WORK TO COMPLETE: Begin with the line below holding "Apartamento à venda" and go on through the line holding "More Photos Of", duplicating each line exactly and leaving out pictures.

TASK DATA:
--
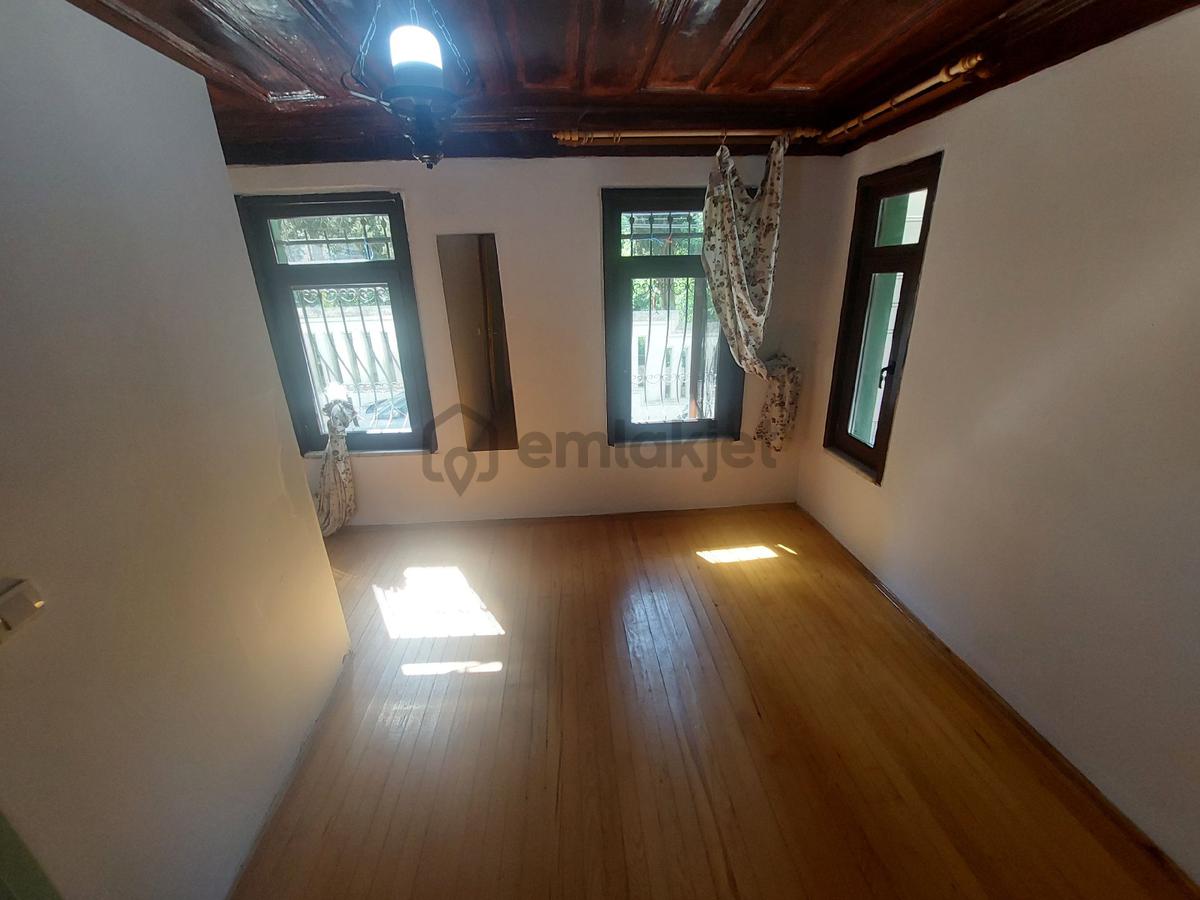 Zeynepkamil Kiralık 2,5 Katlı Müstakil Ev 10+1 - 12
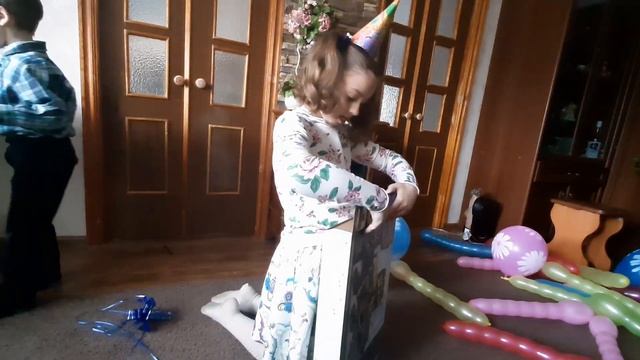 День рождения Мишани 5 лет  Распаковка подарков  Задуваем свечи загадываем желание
--
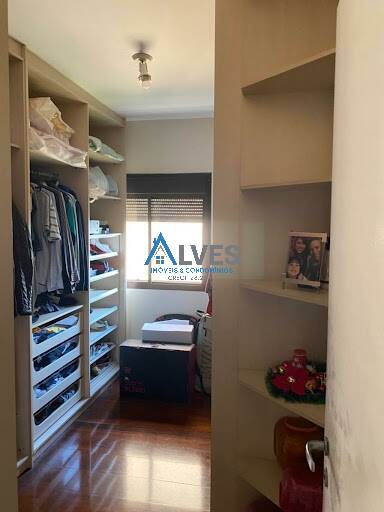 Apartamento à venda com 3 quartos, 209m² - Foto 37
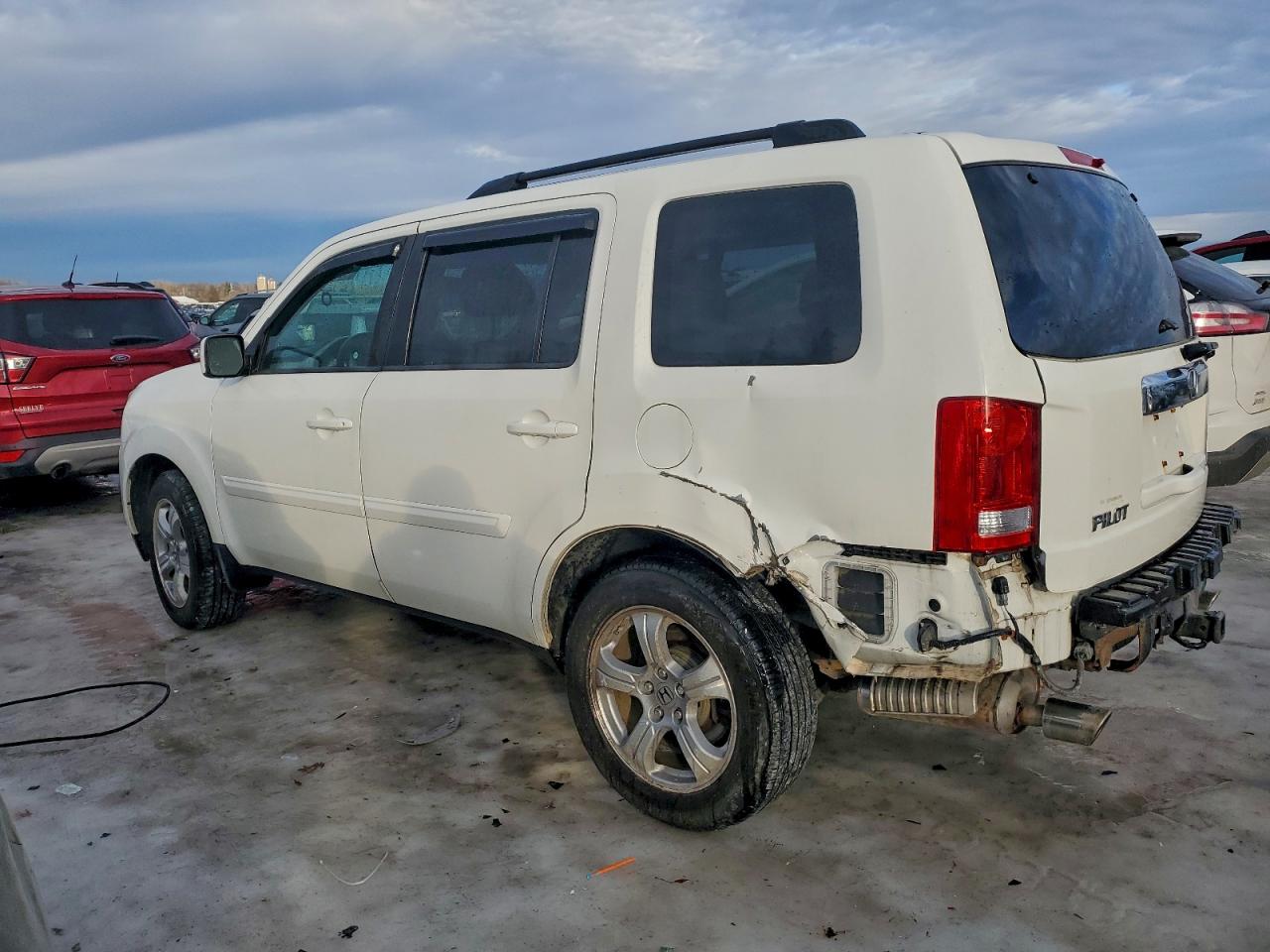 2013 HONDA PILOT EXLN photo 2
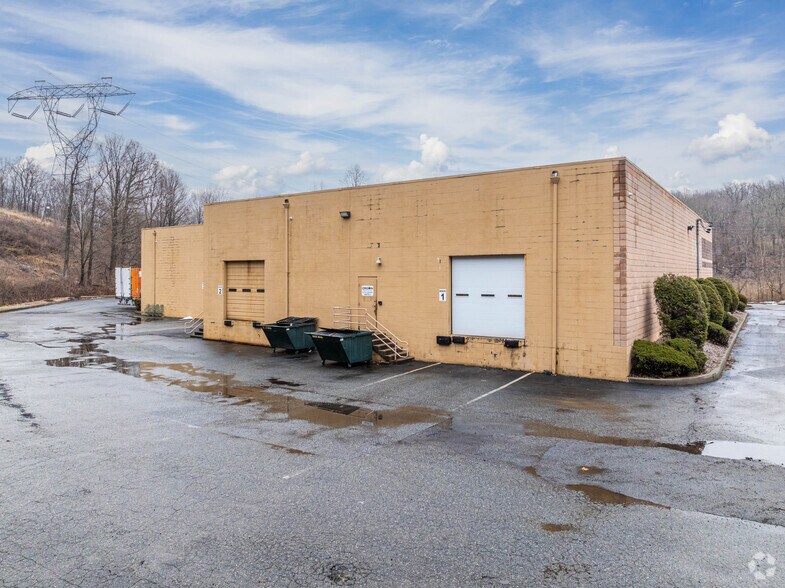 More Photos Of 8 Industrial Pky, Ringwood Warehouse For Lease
--
EXERCISE RESPONSE:
 Apartamento à venda com 3 quartos, 209m² - Foto 37
 2013 HONDA PILOT EXLN photo 2
 More Photos Of 8 Industrial Pky, Ringwood Warehouse For Lease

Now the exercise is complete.